What is the mission statement for the band?
I don’t know if there is a mission statement. Art doesn’t need a goal. It’s a process and making things that I think are important or beautiful, or both, makes me happy.
What would you say, aside from the obvious right now, is your biggest challenge as a band?
We’re doing something a bit strange, but not entirely avant-garde – too weird for mainstream festivals, not weird enough for the club-adjacent experimental festivals like Berlin Atonal et al. Our audience doesn’t seem to exist in one community either – but instead we seem to find fans all over the place.
That probably means we’re doing something original though, so I take all the difficulty as a compliment and stick to my vision.
What motivates you outside of music, think specific people and places
My closest friends, experiences, and other art outside of music.
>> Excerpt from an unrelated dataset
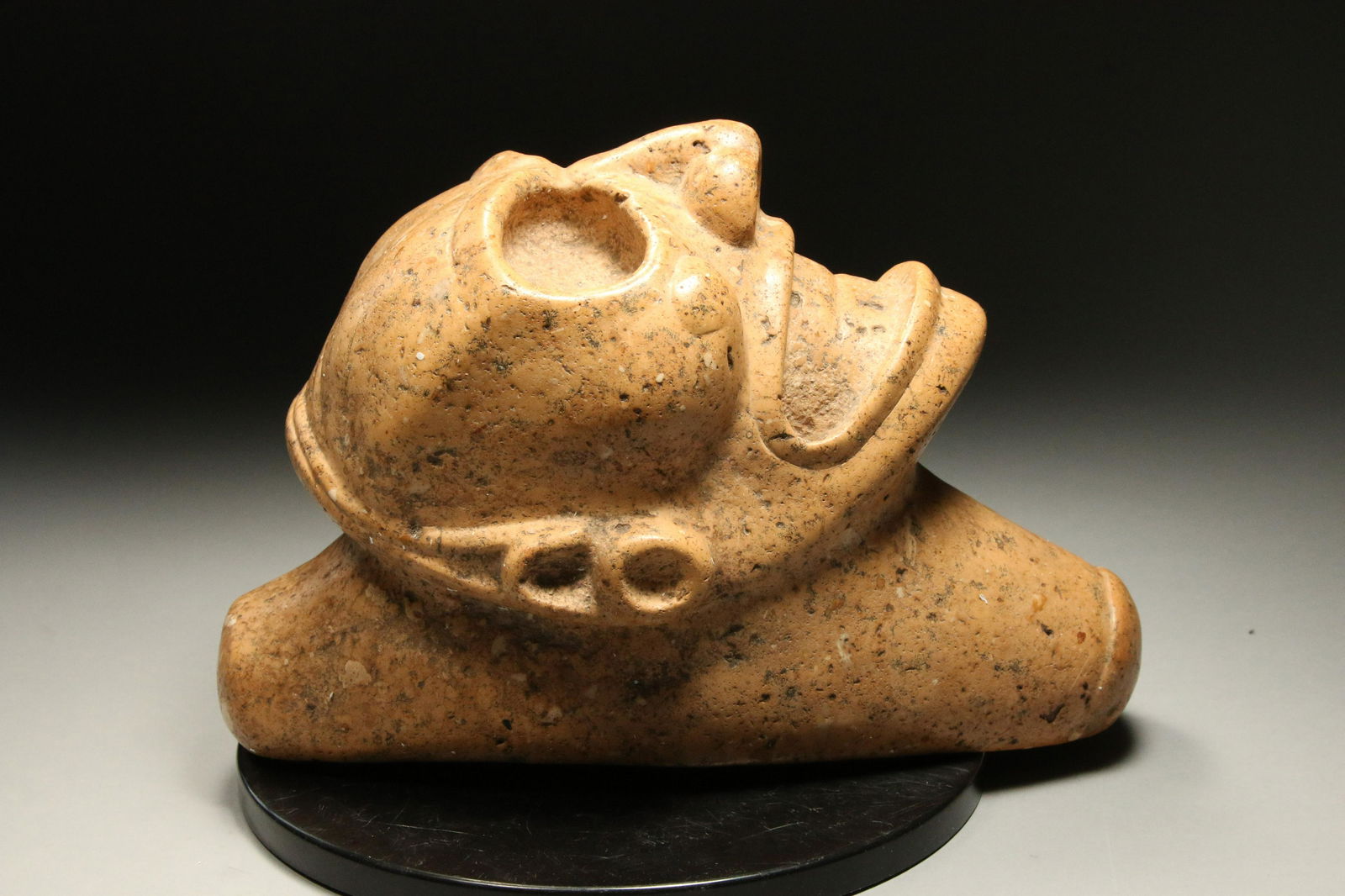 Pre-Columbian Zemi Stone Figure (1 of 5)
I find more inspiration in fine art and books. There’s fertile ground there to respond with new ideas, rather than deriving ideas from someone else’s music.
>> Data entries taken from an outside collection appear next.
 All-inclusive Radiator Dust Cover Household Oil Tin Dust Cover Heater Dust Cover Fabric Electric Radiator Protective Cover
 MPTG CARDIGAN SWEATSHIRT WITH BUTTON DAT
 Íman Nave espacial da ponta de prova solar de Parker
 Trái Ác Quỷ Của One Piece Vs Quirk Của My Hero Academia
I love the visuals and the art for the band, what inspired that?
Thanks! I started painting for myself, as quiet entertainment. I guess my process was pretty similar to how I make music: do a big gesture, have a look at it, edit it a bit, delete it if it’s bad. Then make another one to compliment it…I guess through kind of mirroring my musical process with paint I accidentally arrived at a look that felt totally right to accompany the record. I’m not sure whether this will be a running theme. My tastes change pretty quickly, so we’ll see where I’m at next time.
Talk us through the ideas around ‘We Can Never Not Be All of Us’?
Each song is just a little vignette – a small idea, explored through lyrics and sound. Some are not very grand, just capturing a mood. Some are bigger in their ambition. I’ll leave those themes to be discovered by listeners / lyric diggers (they are all online).
The title is something that Justin Vernon (Bon Iver), whom I admire so much, said in his Song Exploder episode (that’s a podcast). He was referring to racial tensions between Texas and Mexico. I finished the song just before the recent renewal of support for Black Lives Matter, with particular focus on Bristol when the statue came down, and it made that song feel even more pertinent. We really can *never* not be *all* of us, no matter how hard some factions choose to try.
Thanks for your time!
Thank you for yours, have a lovely day.